Unix tool to reduce file chunks to a string (--delim=, --pre=[ --suf=] < file)

Question

I am looking for a program, which concatenates strings with a char, prepends one char and appends another. I think I have used the wrong keywords for my search, but I was not able to find the perfect unix tool for that issue.

Suppose I have a file (note the starting empty lines):

file in.txt:



{
"some": "json",
"with_different": "intendation",
  "which": [],
  "has": 2
}

{
 "json":"objects"
}

and generate out.txt

[
{
"some": "json",
"with_different": "intendation",
  "which": [],
  "has": 2
}
,
{
 "json":"objects"
}
]

Basically, I want a JSON-array from that, meaning:

get rid of first empty lines ( uniq | tail --lines=+2),
replace empty lines with comma (sed -e 's/^$/,g/') and
prepend/append it with [ and ] (awk 'BEGIN {print "["} {print $1} END {print "]"}).

uniq <in.txt | tail --lines=+2 | sed -e 's/^$/,/g' | awk 'BEGIN {print "["} {print $1} END {print "]"}' is giving me what I want, but I sure think, that this is not elegant.

I have found paste, xargs, join, but they do not help me. Also I know about the OFS variable in awk, which may replace the sed part, but I don't know how to convince awk to treat all 'non-empty' lines as $1 (probably using IFS, but IFS='^$' is surely not working.) And then we still have the other boilerplate around it.
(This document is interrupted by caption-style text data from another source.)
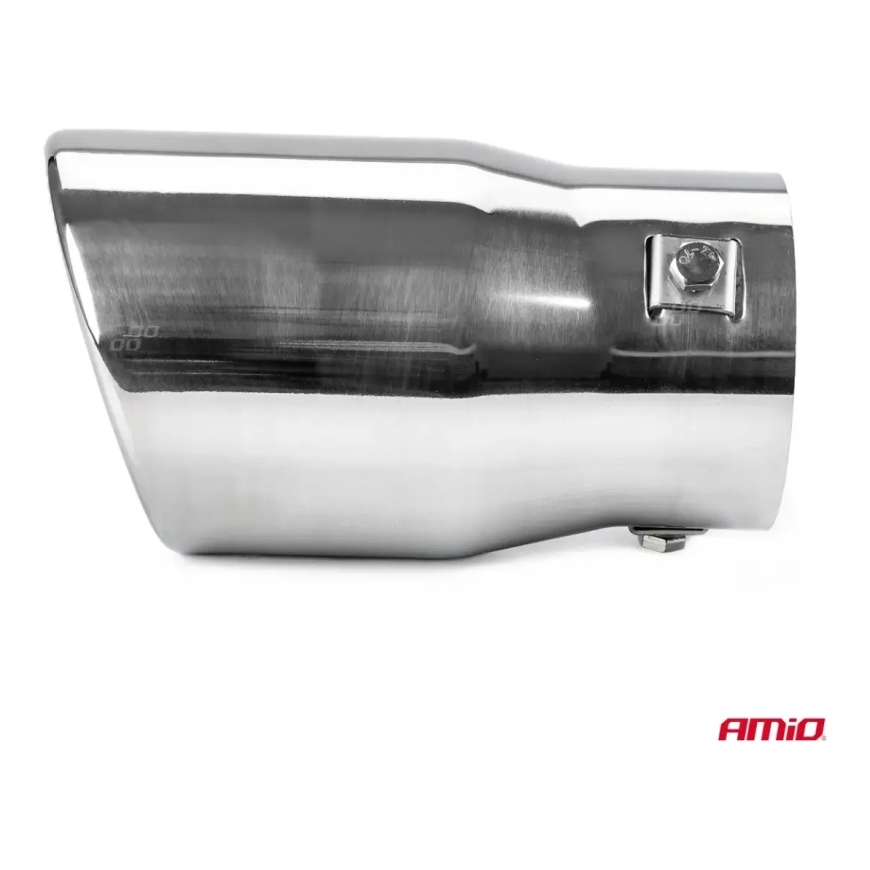 Muffler tail stainless steel MT 007 – 3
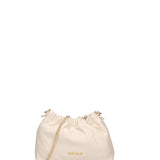 Helena Do Borsa a spalla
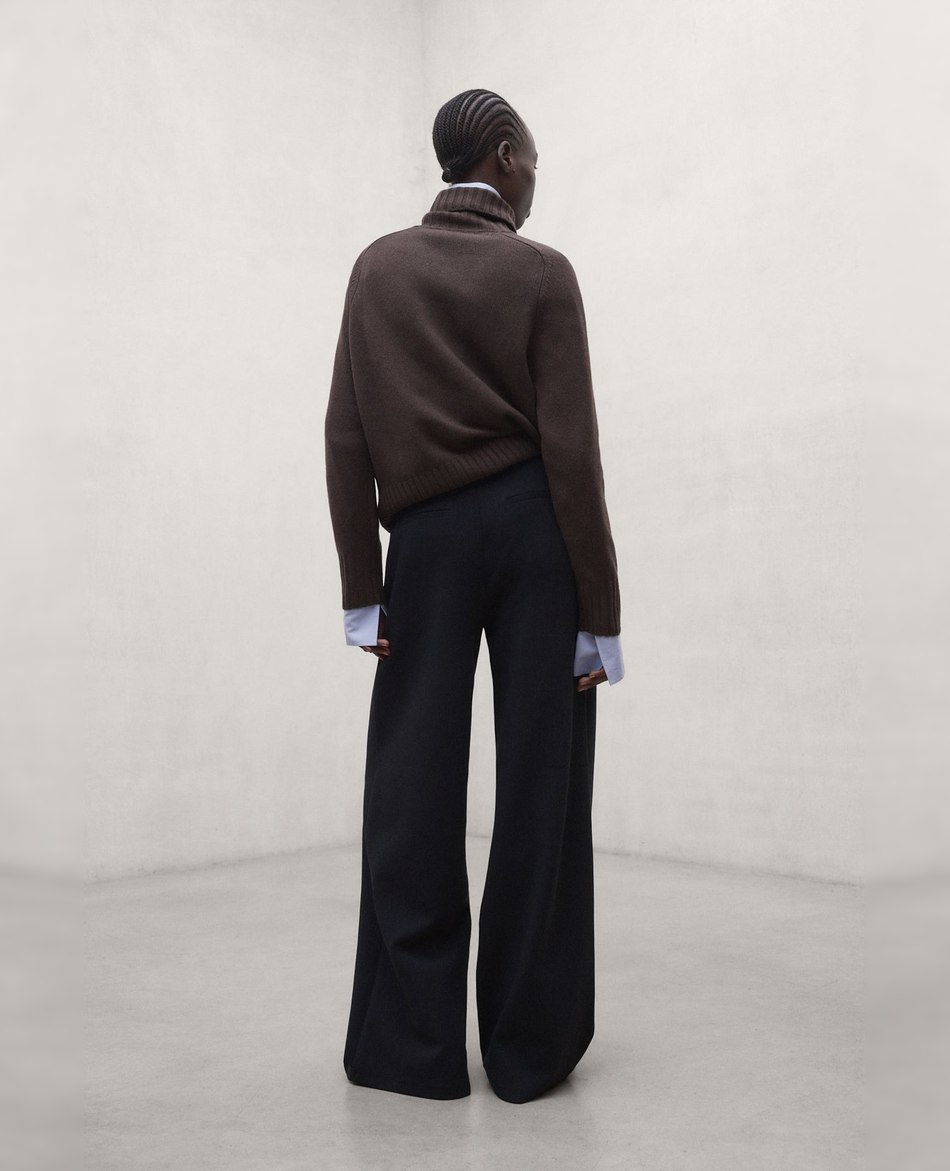 ECOALF PANTALON ECOALF ARDA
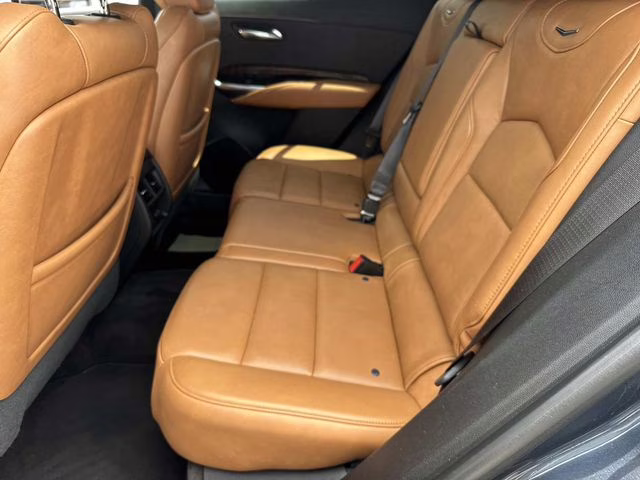 2019 Shadow Cadillac XT4 Sport FWD SUV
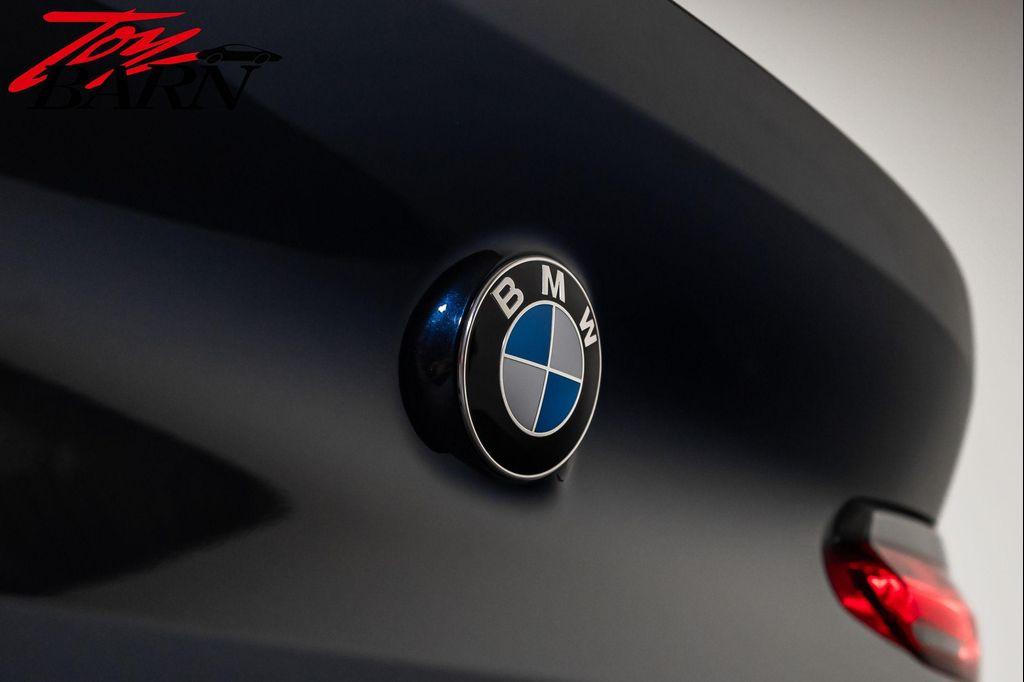 used 2022 BMW M850 Gran Coupe car, priced at $59,990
I am hoping that someone can point me to magic-program like magic -d"," -s"[" -e"]" <in, provided I have cleaned the empty lines above, or the objects are one-liners

file in:

{"some":"json",  "which":[],  "has": 2}

{ "json":"objects"}

to file out:

[
{"some":"json",  "which":[],  "has": 2}
,
{ "json":"objects"}
]

Other example would be echo "a b c" | magic -d',' -s'[' -e']' returns [a,b,c].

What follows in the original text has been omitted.